In the wake of Drake’s billion-stream behemoth of a double album, Scorpion, the question on most people’s collective mind is a simple one: Where does the Canadian rap icon go from here?
His latest full-length release, which contains his now-expected array of hit singles, finds Drizzy at a bit of a crossroads artistically. The commercial success continues to be quite impressive, carrying with it a level of popularity that makes him virtually unsinkable as a rapper. However, Drake’s output has become more and more akin to an assembly line approach, one that has an increasingly corporatized, fast food flavor to it.
So what happened? How did Drake, in fewer than five years, go from being one of the genre’s most unique-sounding personalities to a rapper who is stuck in neutral artistically? It’s an odd trajectory to wrap your head around, especially when you consider that the 6ix God has still maintained his stranglehold on the global pop culture scene, transforming more into a brand or entity, than a musical beacon, at this point. In the day and age when ‘influencers’ run rampant, we can still count Drake at the top at the list– his co-sign from a musical standpoint is also as meaningful as ever. Thus his influence is almost above music– it lives from a bird eye’s view– while the sounds and intricacies that his music provides are less influential than the man (or ‘brand’) himself.
That fact remains despite the hits that his public persona has taken this year, direct shots have yet to fatally damage his mainstream marketability. His beef with Pusha T, one that ended with a disastrously pedestrian response to the GOOD Music veteran’s diss track “The Story of Adidon,” was a calculated move that somehow caught rap’s golden boy by surprise. For an artist who has always moved as deliberately and as carefully in the public eye as Drake does, one must wonder how that was even possible.
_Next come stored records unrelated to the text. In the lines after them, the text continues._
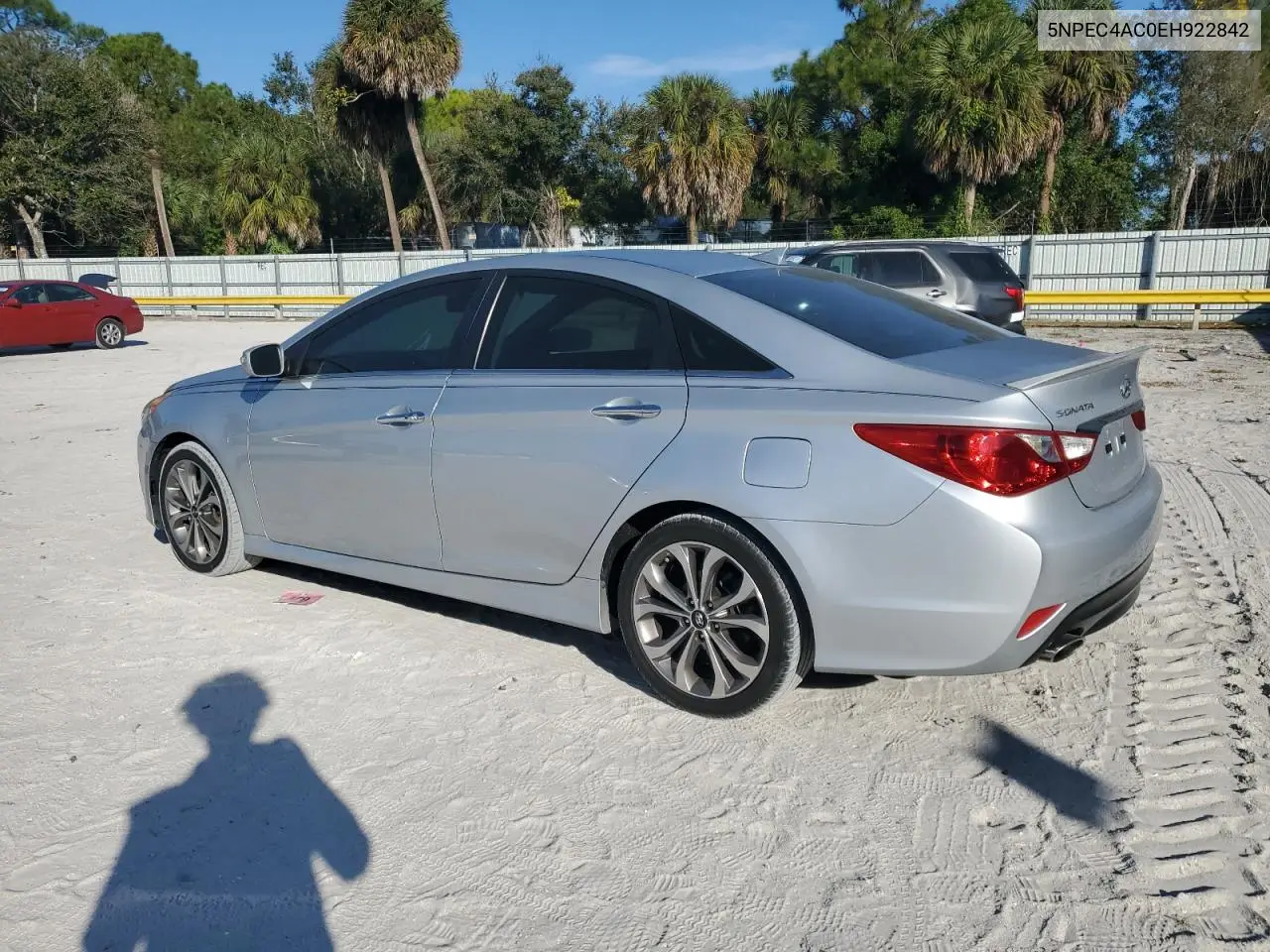5NPEC4AC0EH922842 2014 Hyundai Sonata Se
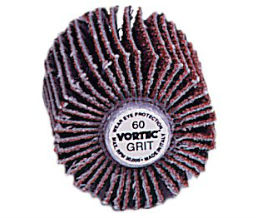 Weiler 804-30723  Vortec Mounted Flap Wheels - 2" Diam - 60 Grit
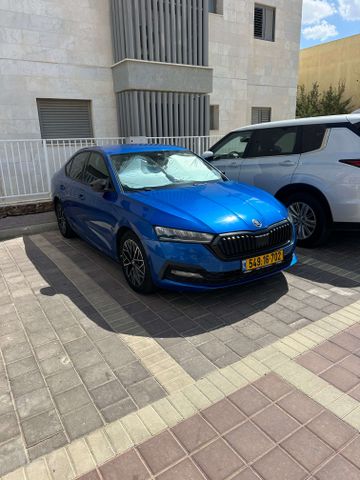 מודעת רכב סקודה אוקטביה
Even worse was when he addressed those issues head-on in his lyrics for Scorpion, most notably on the track “Emotionless.” The writing was more confessional that abrasive, full of cheesy, put-on emoting that, for listeners, is getting easier and easier to see through. For example, in reference to those deadbeat dad accusations, he had this to say:
“Look at the way we live/I wasn’t hiding my kid from the world/I was hiding the world from my kid.”
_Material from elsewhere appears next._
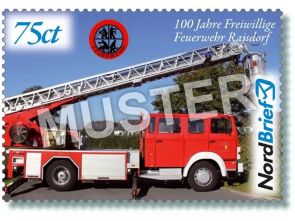 100 Jahre FFW Raisdorf – Standardbrief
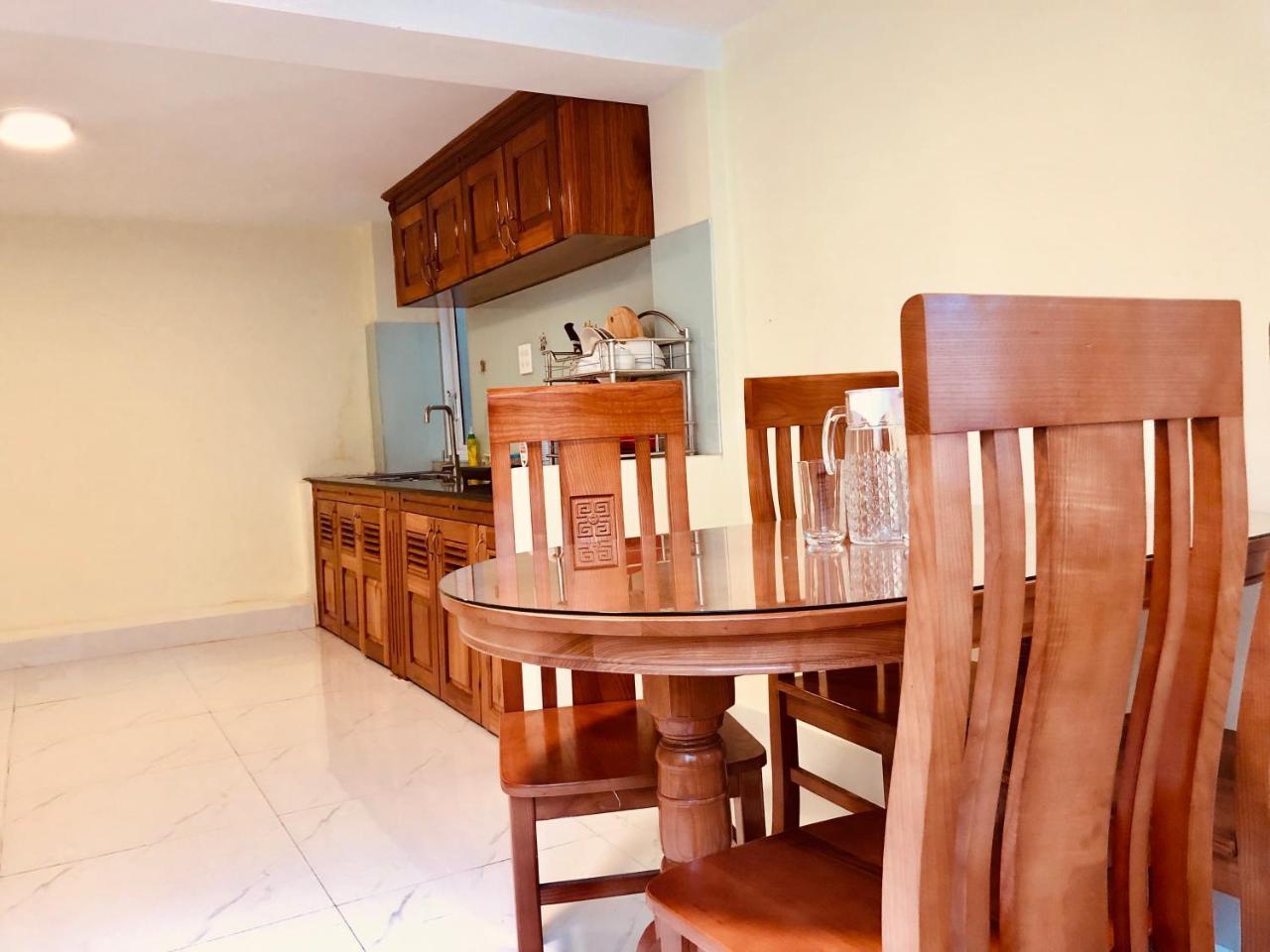 Ngoc Huong Hostel & Apartments كوي نون المظهر الخارجي الصورة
Not cringy enough for you? What about this, which most people saw as direct(ish) shade thrown at Pusha:
“From empty souls who just wake up and looked to debate/Until you starin’ at your seed, you can never relate.”
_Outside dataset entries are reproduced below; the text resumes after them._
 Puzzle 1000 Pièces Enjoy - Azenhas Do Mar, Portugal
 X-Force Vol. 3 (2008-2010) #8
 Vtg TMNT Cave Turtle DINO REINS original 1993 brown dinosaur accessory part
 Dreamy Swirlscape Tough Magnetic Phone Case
Scorpion’s legacy may end up being an important plot point in Drake’s career narrative. Will he continue to dilute his sound, be a slave to the mainstream and become hip-hop’s equivalent to Maroon 5, a once-interesting group who sold their originality in exchange for the trappings of pop success? Or, unlike the Adam Levine-led outfit, will he make a conscious return to his indie-style mixtape roots, a move that would inject some much-needed personality into his music going forward? One of those options feels necessary and the other inevitable.
This isn’t to say that Aubrey has lost his emceeing chops. In fact, his delivery and ability to weave a consistent energy in and out of his most recent material demonstrate just how far he’s come since his So Far Gone days. However, his overwhelming pop music appeal, particularly since 2016’s Views, has shrouded that talent in layers upon layers of repetitive, bland song construction. Unfortunately, the formula has grown old on Scorpion, an LP has this inescapable stench of staleness that it can’t seem to shake, like that car Seinfeld regretted leaving in the valet parker’s hands.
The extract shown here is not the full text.